Default policy is used in simulation phase, in which the goal is to have a weak (but fast) player. Several ways to implement:

  1. Random policy: choose action randomly
  2. Random with hand-crafted rules: with some hard-coded rules to not choose End-Turn action.
  3. DFS with state-value function: choose the action with the best state value

It is worth-mentioning that, early-cutoff [4] is found to be a good approximator. It works as follows:

  1. Normally, choose an action according to the default policy
  2. WIth a small chance, stop the simulation phase. Guess which side is the winner from that timepoint using state-value function.

State-Value Function

A state-value function is to know how good the state is. A (deep) neural network is designed for this purpose.

Redirect node

Typically, many actions can be performed in a different order, without any difference. For example,

  1. Attack with the first minion
  2. Then, attack with the second minion

Degree of Flatness

Redirect nodes can be seen as a strategy fusion. A mapping table is needed to find the redirect node.

A naive design is to have a single mapping table for the entire game tree. It means all history [5] are dropped.

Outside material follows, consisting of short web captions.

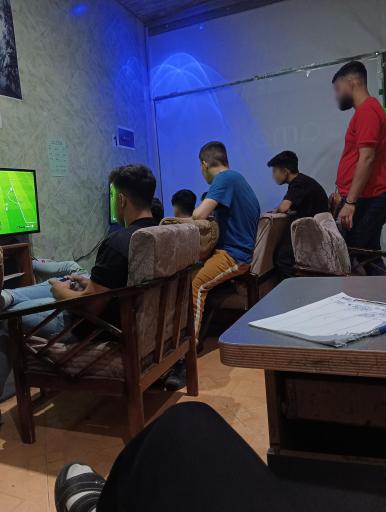 عکس گیم لند نوروزی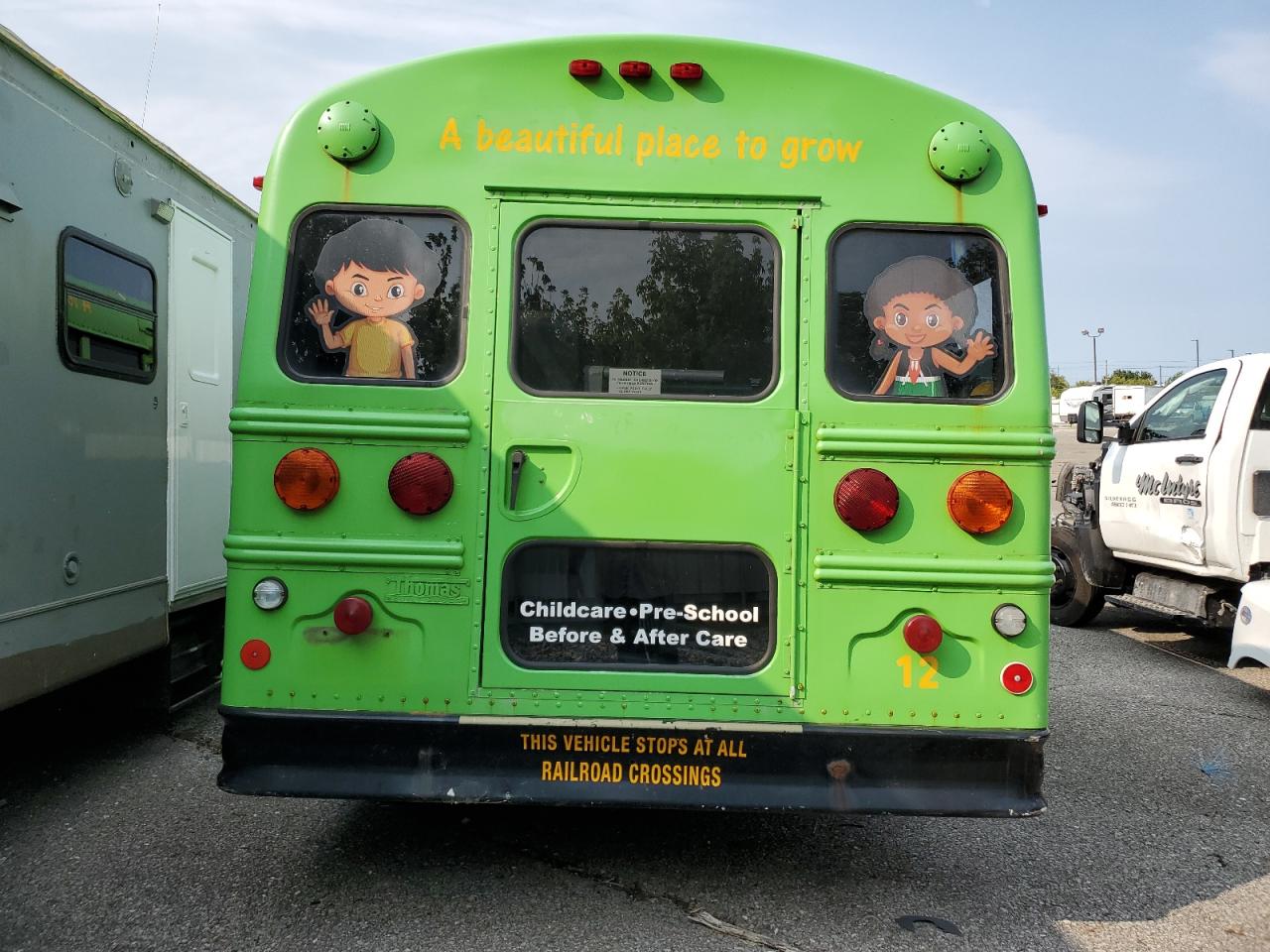 2002 GMC Savana Cutaway G3500 VIN: 1GDHG31R621235671 Lot: 70904765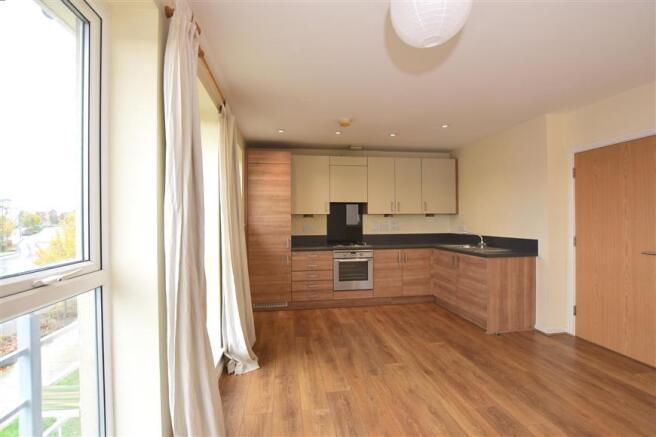 Lounge/ Kitchen Area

However, we can have a mapping table for each turn. It means all actions in that turn is dropped, however, the overall history are maintained.

Reinforcement Learning

  • SARSA

Why not reinforcement learning? Want to use computation time for each turn. Maybe combine with MCTS in the future.

Conclusions

What Achieved

  • For normal users. AI typically uses up to 1-2 GB of memory in 60 seconds thought on a 2016 MacBook Pro.
  • Play a good strength for mid-range deck. This means AI can think ahead for several turns, and can gain a good picture of the state by simulations.

Vision and Future Work

  • Debug visualization for MCTS
  • AutoML on structured data
  • Tensorflow for C++ native support. WIth optional compile-time third-library support.
  • A library for MCTS. MCTS needs several carefully tweaks to be computationally efficient. How to make it general? easier?

Appendix

About Me

I'm really glad to start this project. With only a light background on Game AI, reading papers is surely the first thing. Understand the state-of-the-art techniques is always an exciting thing.

  1. Start coding in my fourth grade in dbase III, QBasic, VB4.0, etc.
  2. Banchelor in computer science network department in National Chiao Tung University.
  3. Ph.D. in computer vision in National Chiao Tung University.
  4. Software enginner in Synology (as my millitary service) on synchronization frameworks.
  5. Currently a software enginner in Google.

But what interests me is always my side projects!

  1. Game bot for Maplestory by reverse enginnering, modify register values, etc.
  2. Game AI bot for many three-connect games
  3. Game bot by sending crafted packets to server by reverse enginnering Flash games.
  4. Now, this AI for Hearthstone.

My favorite programming language is C++, especially modern C++! It's so good to control everything, and zero-overhead abstraction the best feature I like. An orgnaized code with excellent performance, what can you ask more?

References

[1] Cowling, Peter I., Edward J. Powley, and Daniel Whitehouse. "Information set monte carlo tree search." IEEE Transactions on Computational Intelligence and AI in Games 4.2 (2012): 120-143.

[2] AAIA'17 Data Mining Challenge: Helping AI to Play Hearthstone, https://knowledgepit.fedcsis.org/mod/page/view.php?id=1022

[3] Silver, David, et al. "Mastering the game of Go with deep neural networks and tree search." Nature 529.7587 (2016): 484-489.

[4] (missing, mentioned early-cutoff in simulation phase)

[5] Browne, Cameron B., et al. "A survey of monte carlo tree search methods." IEEE Transactions on Computational Intelligence and AI in games 4.1 (2012): 1-43.

[6] Chaslot, Guillaume, Mark HM Winands, and H. Jaap van Den Herik. "Parallel monte-carlo tree search." Computers and Games 5131 (2008): 60-71.